After an intensely negative campaign, McCain went to lengths to take the high road in his concession speech and acknowledged the historic nature of Obama's barrier-breaking accomplishment.
"His success alone commands my respect for his ability and perseverance," McCain said, adding that he "deeply admired" Obama for inspiring the hopes of people "who had once wrongly believed that they had little at stake or little influence" in electing a president.
"This is an historic election, and I recognize the special significance it has for African-Americans and for the special pride that must be theirs tonight," McCain said, adding that the U.S. had moved "a world away" from its racist past by electing the nation's first black president.
He allowed that disappointment was natural but said that starting Wednesday "we must move beyond it and work together to get our country moving again."
"We fought as hard as we could. And though we feel short, the failure is mine, not yours," McCain said.
Also, he praised Palin as "one of the best campaigners I have ever seen, and an impressive new voice in our party for reform."
By McCain's own admission, it was a disappointing end to a quest he began sketching 10 years ago before his first run for president in 2000. He was vanquished that time by George W. Bush in the Republican primaries, but won the affection and respect of many voters who admired his independent streak and dedication to honor and service as a former Naval officer and prisoner of war in Vietnam.
McCain entered this campaign as the perceived GOP front-runner but saw his effort nearly implode in July 2007 amid staff tension and vast overspending. He was able to rebuild his candidacy by grinding out key wins in the New Hampshire, South Carolina and Florida primaries.
He faced long odds from the start of the general election, running as the GOP successor to President Bush who had become deeply unpopular amid a troubled economy and two wars. But then McCain put the little-known Alaska governor on the GOP ticket and polling shortly after the Republican convention found McCain pulling slightly ahead of Obama.
Then the global financial crisis hit, and McCain's hopes were dashed.

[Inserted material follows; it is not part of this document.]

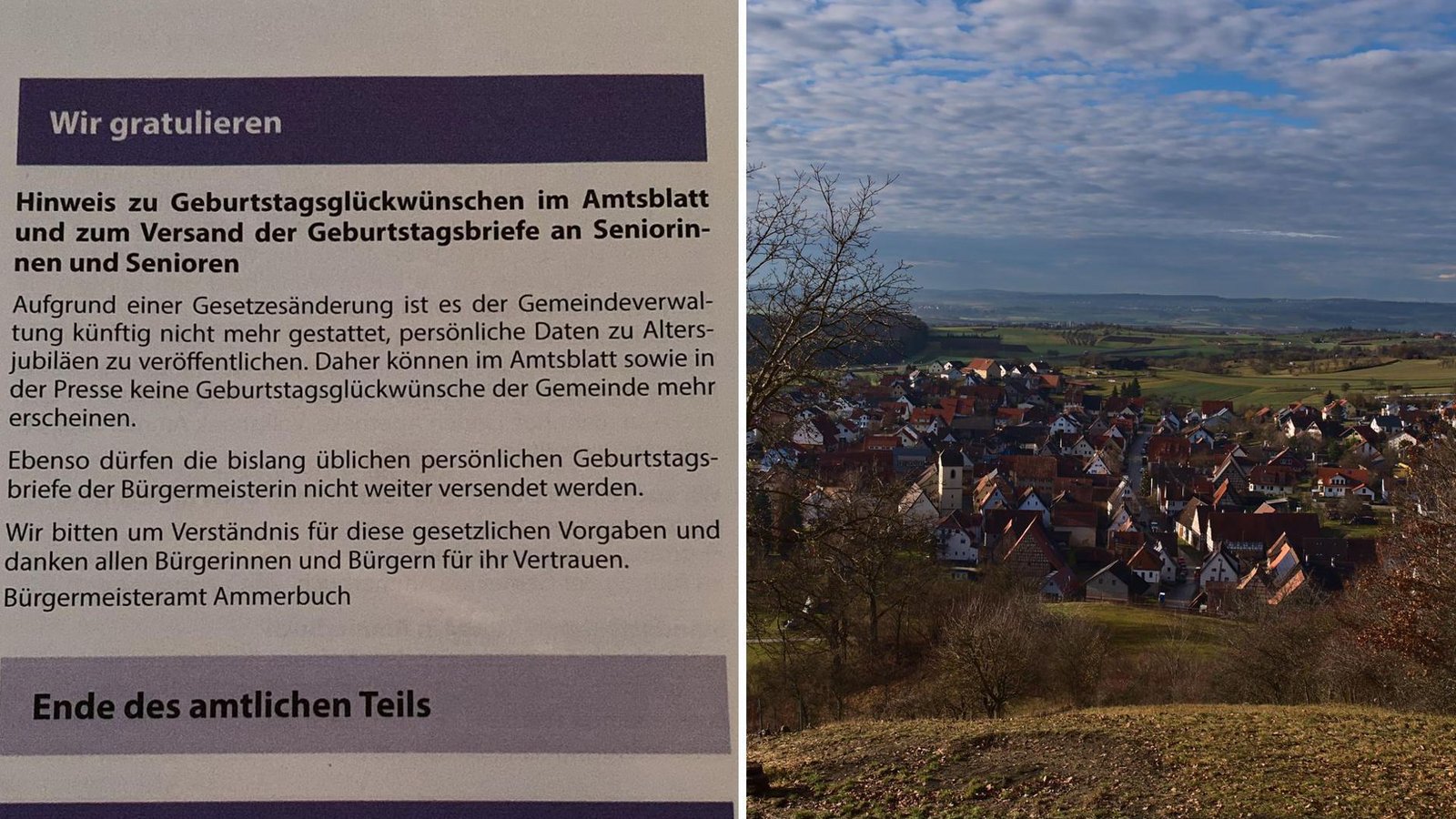 Die Tübinger Nachbargemeinde Ammerbuch zieht Konsequenzen aus dem Datenschutz-Verfahren gegen die Unistadt und stellt nun selbst die Geburtstagsgrüße im Amtsblatt ein.Foto: privat, imago/Dreamstime Die Tübinger Nachbargemeinde Ammerbuch zieht Konsequenzen aus dem Datenschutz-Verfahren gegen die Unistadt und stellt nun selbst die Geburtstagsgrüße im Amtsblatt ein.Foto: privat, imago/Dreamstime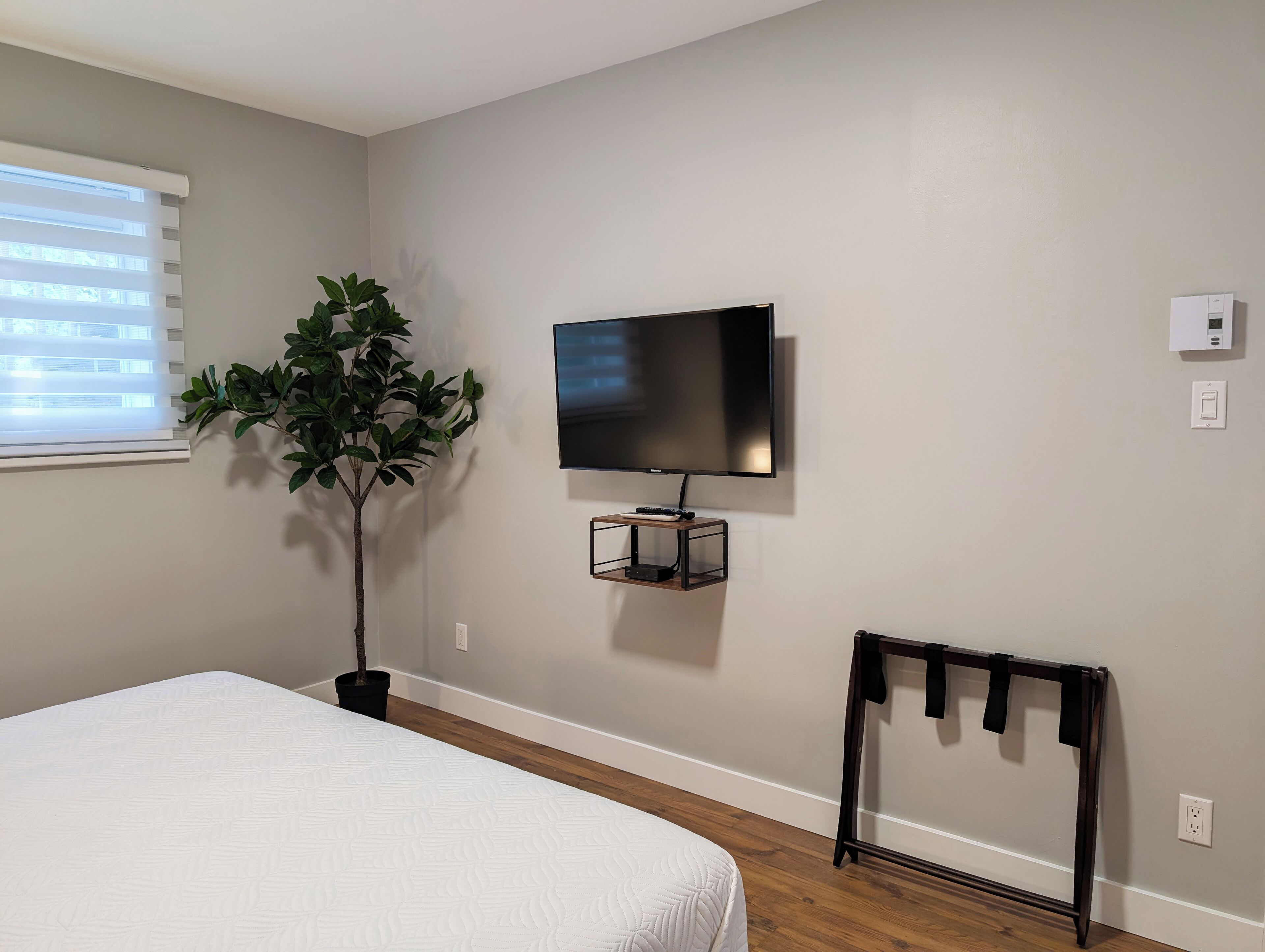 A bedroom with a bed, a potted plant, a mounted TV, and a coat rack.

Voters usually punish the party in power when the economy tanks, and this year was no different.
In the campaign's final days, the GOP nominee maintained a grueling campaign schedule while being well aware of the odds against him. He stumped across Colorado and New Mexico after a 24-hour cross country journey across battleground states that ended after midnight Tuesday.
But McCain also acknowledged he'd made mistakes in his campaign and that he had let his supporters down.
"I don't know what more we could have done to try to win this election. I'll leave that to others to determine," he said.